■ The task ■
The line that contains "Halaman 3 — Shuumatsu no Harem Chapter 34" marks the start. Please set it down, with every later line of the data, exactly and without pictures.

■ Available data ■
::::
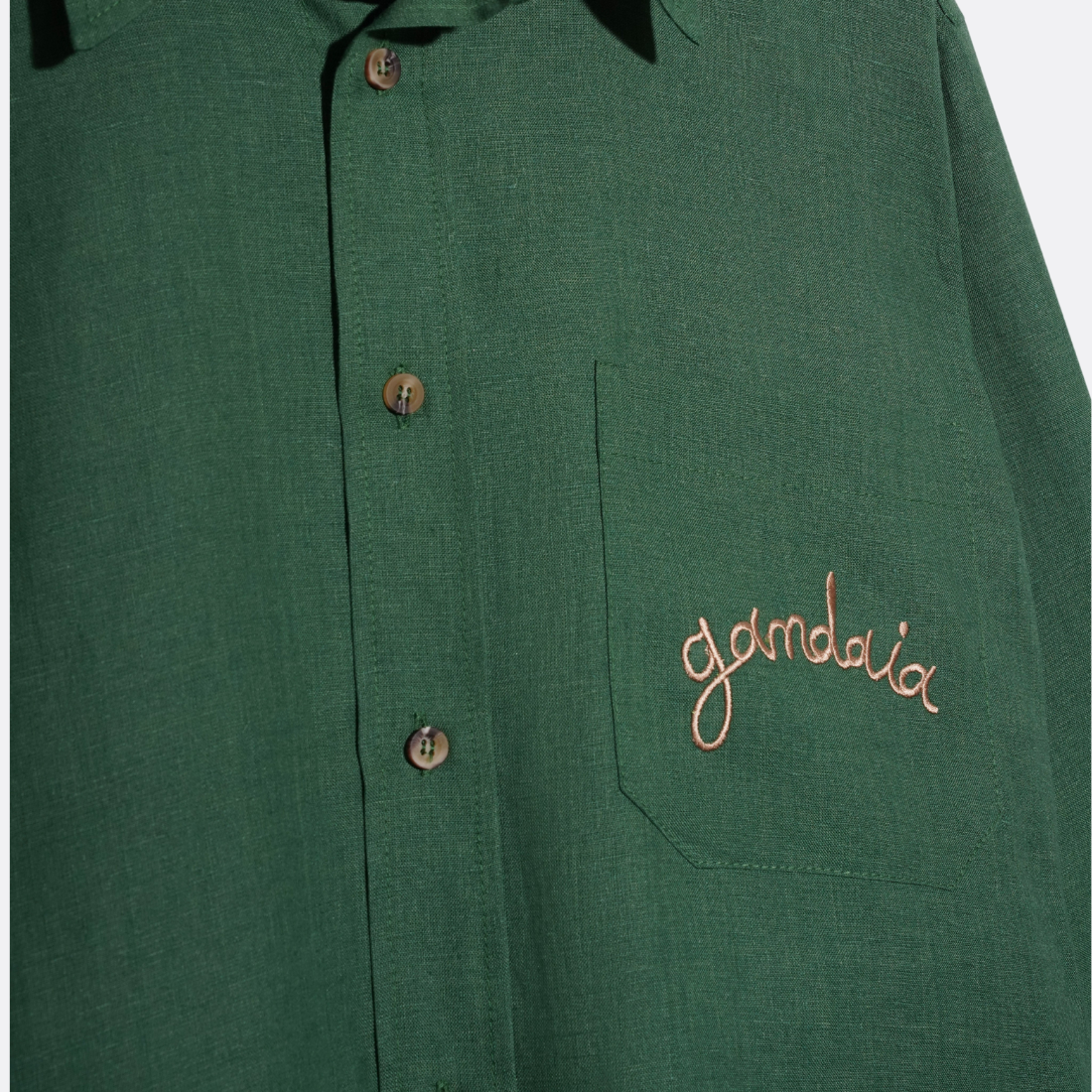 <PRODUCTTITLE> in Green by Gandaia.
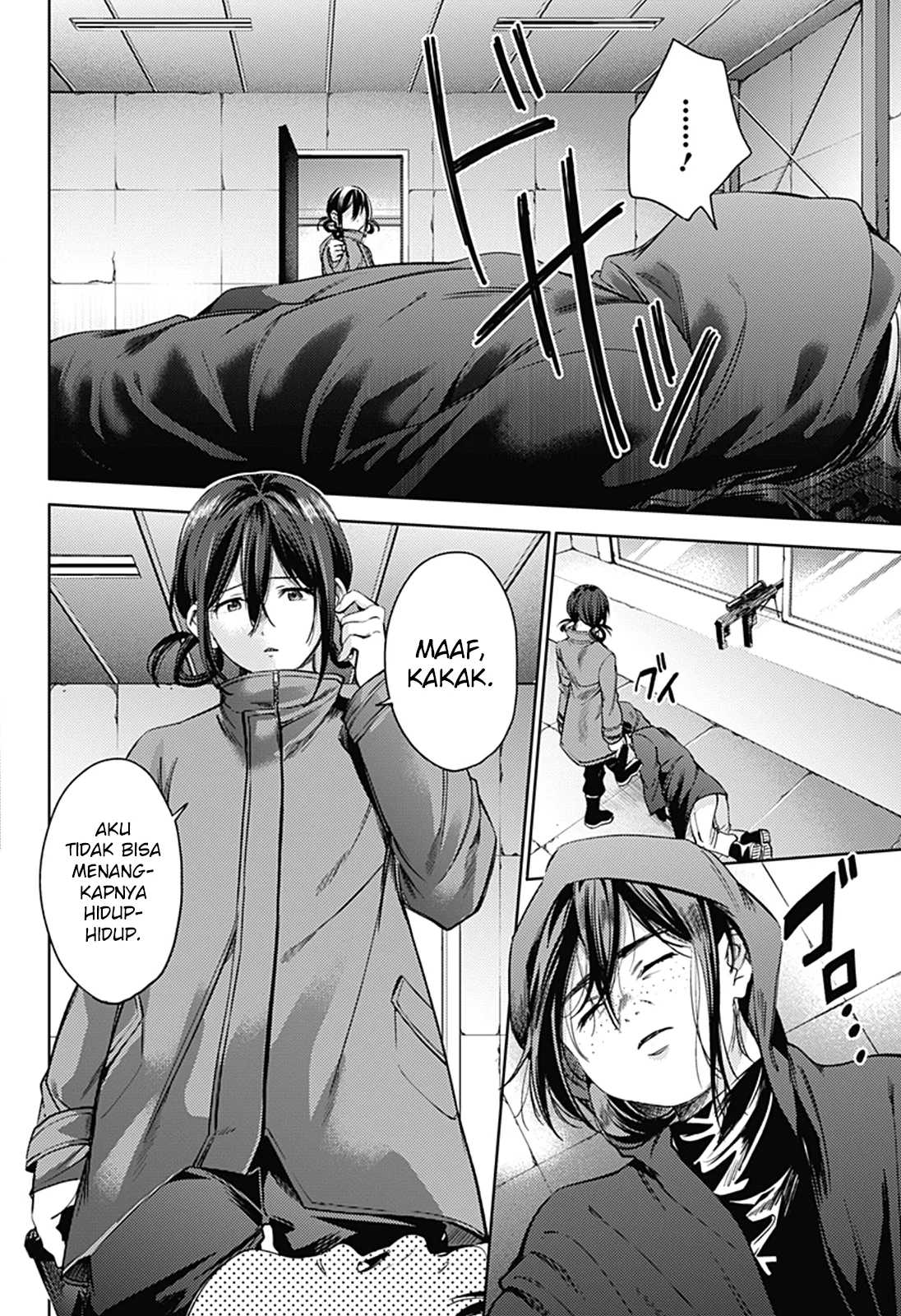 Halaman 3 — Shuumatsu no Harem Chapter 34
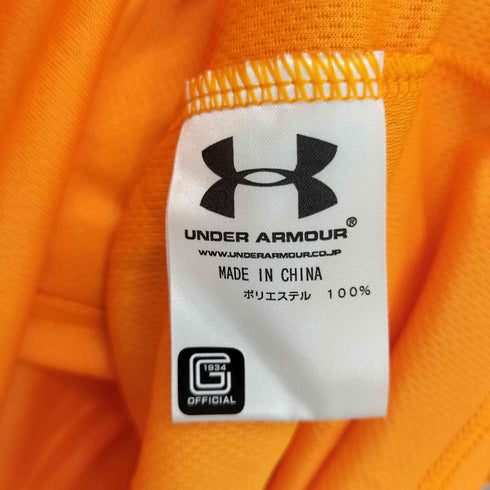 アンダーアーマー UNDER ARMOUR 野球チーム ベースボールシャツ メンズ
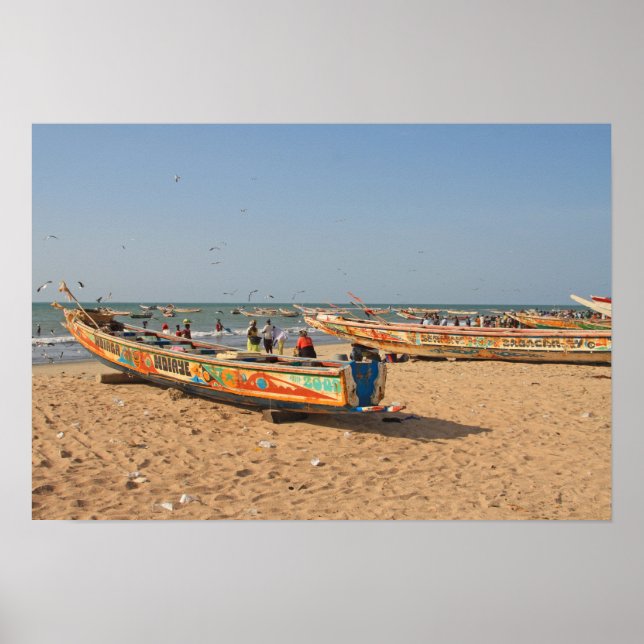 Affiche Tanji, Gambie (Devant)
::::
■ Answer to this problem ■
 Halaman 3 — Shuumatsu no Harem Chapter 34
 アンダーアーマー UNDER ARMOUR 野球チーム ベースボールシャツ メンズ
 Affiche Tanji, Gambie (Devant)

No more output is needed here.